Add Analytic Quotient and another protected log #242

Open jmmcd opened 2 years ago

jmmcd commented 2 years ago

gplearn already has a protected division: np.where(np.abs(x2) > 0.001, np.divide(x1, x2), 1.) and protected log: np.where(np.abs(x1) > 0.001, np.log(np.abs(x1)), 0.).

Both of these are common but both introduce discontinuities which can be undesirable (see eg Keijzer; Ni, Drieberg and Rockett; Nicolau and Agapitos). Alternatives include:

Of course these would be of interest as alternatives, not replacements. If this addition would be useful I can generate a PR. Would these names be suitable:

trevorstephens commented 2 years ago

Can you provide a link to the paper(s) please?

jmmcd commented 2 years ago

Short summary: they don't like discontinuities.

trevorstephens commented 2 years ago

Thanks! 😄 Hope I'll have a chance to flick through these soon. If it's related to work you wish to do personally you should be able to use the custom functions to do what you need to but I think it's worth considering putting them in as a first class function set if there's enough research supporting it

hwulfmeyer commented 2 years ago

See #131 and #130

trevorstephens commented 2 years ago

I'm thinking of how to move on this after years of user demand.

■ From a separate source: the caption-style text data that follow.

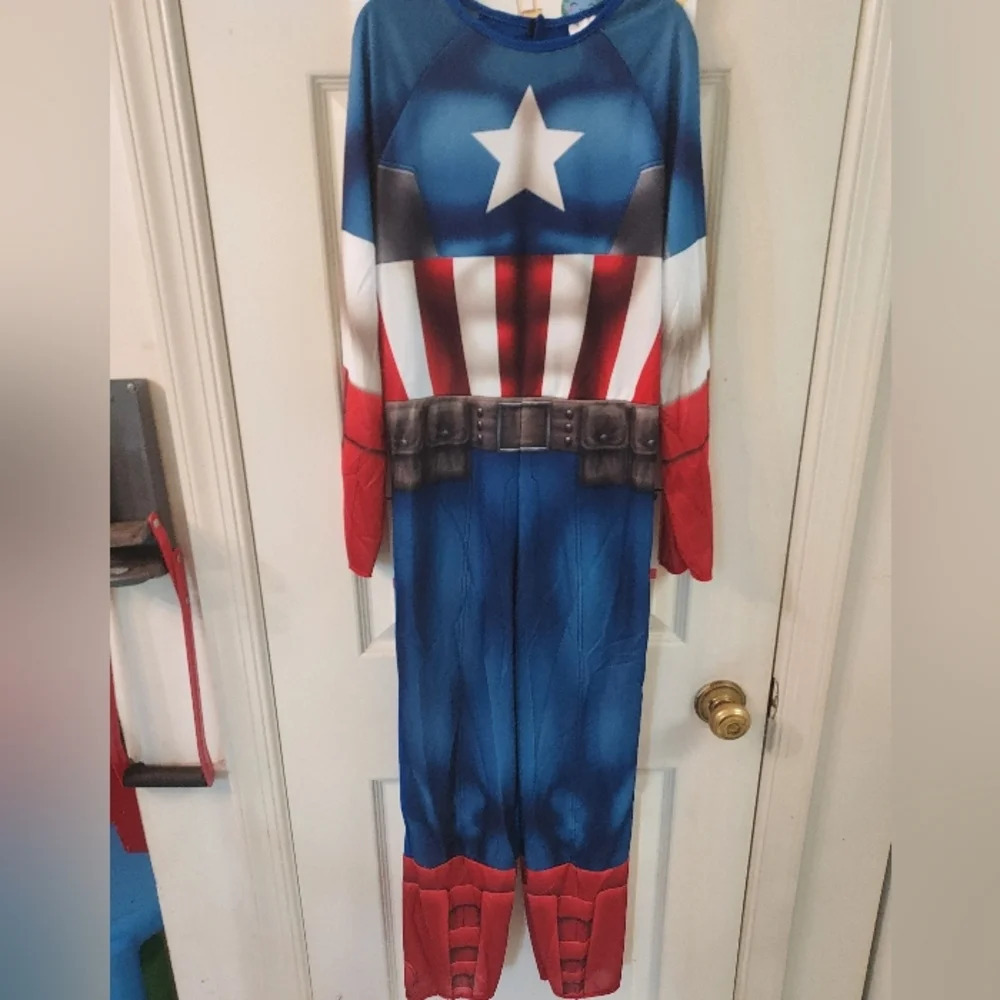 Marvel Captain American Halloween Costume in Size 8/10 Medium - Jumpsuit Only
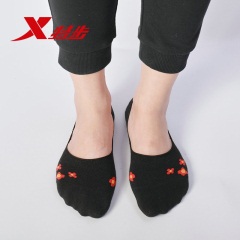 特步女子短袜船袜运动袜2020新款潮流透气袜子舒适轻薄花纹-3双装C96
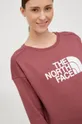 Βαμβακερή μπλούζα The North Face μπορντό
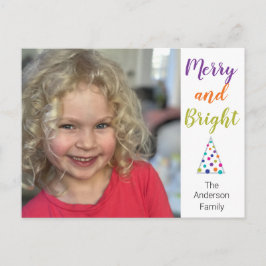 Merry and Bright Photo Feestdagenkaart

Initial thoughts are to have a (yes another API bloat addition) parameter where the user can set something like closure_method=('koza'/'smooth') or something like that. And still specify the default log, div in their function sets. But also allow specifying via log-koza or similar that if they want to mix and match.

jmmcd commented 2 years ago

closure_method is slightly ambiguous, as there could be multiple smooth log operators, for example. It does create extra complexity, as the code would have to deal with the closure_method setting being over-ridden by the individual operators. (Plus default values for both.)

I think having default operators and allowing the user to over-ride them one-by-one is fine.

Just my 2 cents.

trevorstephens commented 2 years ago

Yeah could be a bit excessive perhaps. All that parsing would be done up front though so the overhead wouldn't add anything much to processing time, just some more code in the parameter parsing/checking. Was kind of thinking about the printed outputs being clean and readable.

trevorstephens commented 2 years ago

Other ways to address the printed outputs though. But could lead to ambiguity. Are users allowed to use both types of division (for example) in one program? :grimacing:

jmmcd commented 2 years ago

I would be in favour of putting the onus on the user here. If they specify two division operators, give it to them! Would require a lot of new code to prevent that.